IL CONSUMO DI CARNE IN ITALIA
Il consumo dei diversi tipi di carne, il modo di utilizzo dei diversi tagli differiscono in modo sensibile da regione a regione e da Nazione a Nazione, a causa di un fenomeno assai complesso, dai numerosi risvolti socio-economici. Dai dati ISTAT risulta che le risorse economiche destinate al cibo sono poco più del 20% del reddito, contro il 43% degli anni 1960, e per quanta riguarda la carne, dai dati risulta anche la diffusione di una preferenza gastronomica che si rivolge soprattutto al “piatto di carne” di rapida preparazione, mi sto riferendo alla BISTECCA, alla famosa FETTINA; dai dati risulta infatti che il 95% della richiesta italiana è rappresentata dai tagli cosiddetti pregiati del quarto posteriore e quindi del filetto, fettina, roastbeef, magatello.

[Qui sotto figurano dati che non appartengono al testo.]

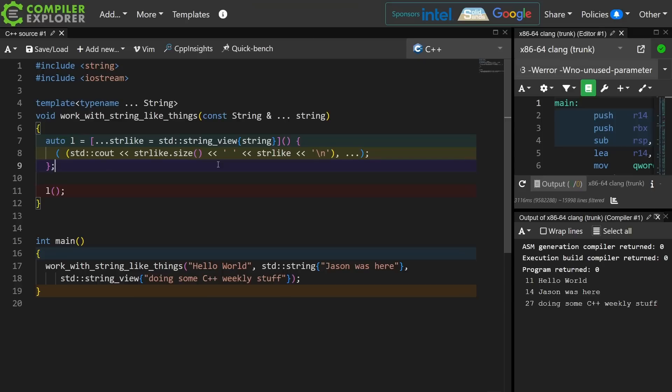You might be able to use something like this to ensure that your lambda captures never make copies when you don't want them to, for example, which I believe was the context that my student originally brought this up in.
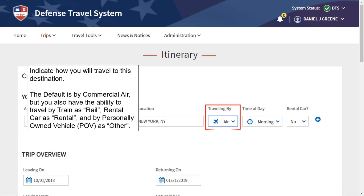Indicate how you will be traveling to this destination. The default is by commercial, but you also have the ability to travel by train as rail, rental car as rental, and by personally owned vehicle as other.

Bisognerebbe allora inventare una razza di bovini privi di testa, zampe, interiora, spalle e costato. Visto che tale eventualità è piuttosto improbabile, forse è meglio ricordare che un bovino è costituito da diverse parti, tutte egualmente apprezzabili e nutrienti, e sapere che è possibile e facile risparmiare attraverso una scelta intelligente e personale , non guidata dalle mode e dalle ricette riportate da alcuni libri che propongono soprattutto i tagli del quarto posteriore.
Sarebbe più auspicabile invece in termini anticonsumistici rieducare il gusto, le abitudini degli italiani attraverso la riscoperta della Tradizione per riportarci verso una cucina rivisitata in modo più tradizionale, altrettanto e magari più gustosa e di pari valore energetico. Riscoprire la tradizione senza tuttavia coltivare atteggiamenti “nostalgici” verso i bei tempi andati, e chiudersi al rinnovamento, perché le scelte alimentari si modellano a partire dalla quotidianità. Non esiste una tradizione stabile e codificata da adottare tale e quale, ma dobbiamo contribuire attivamente a costruire la “nostra tradizione” che evolve incessantemente attraverso uno scambio continuo e dinamico con il presente.
Ci si augura di orientare il pubblico dei consumatori verso la totale utilizzazione dei vari “tagli” e non soltanto quelli posteriori, ponendo fine a una moda che non trova riscontro in nessun altro paese al mondo e soprattutto potremmo condizionare positivamente la domanda e l’offerta in campo zootecnico, riducendo:
- i prezzi,
- le importazioni dei quarti posteriori
- le conseguenze negative sull’ ambiente dovute al trasporto.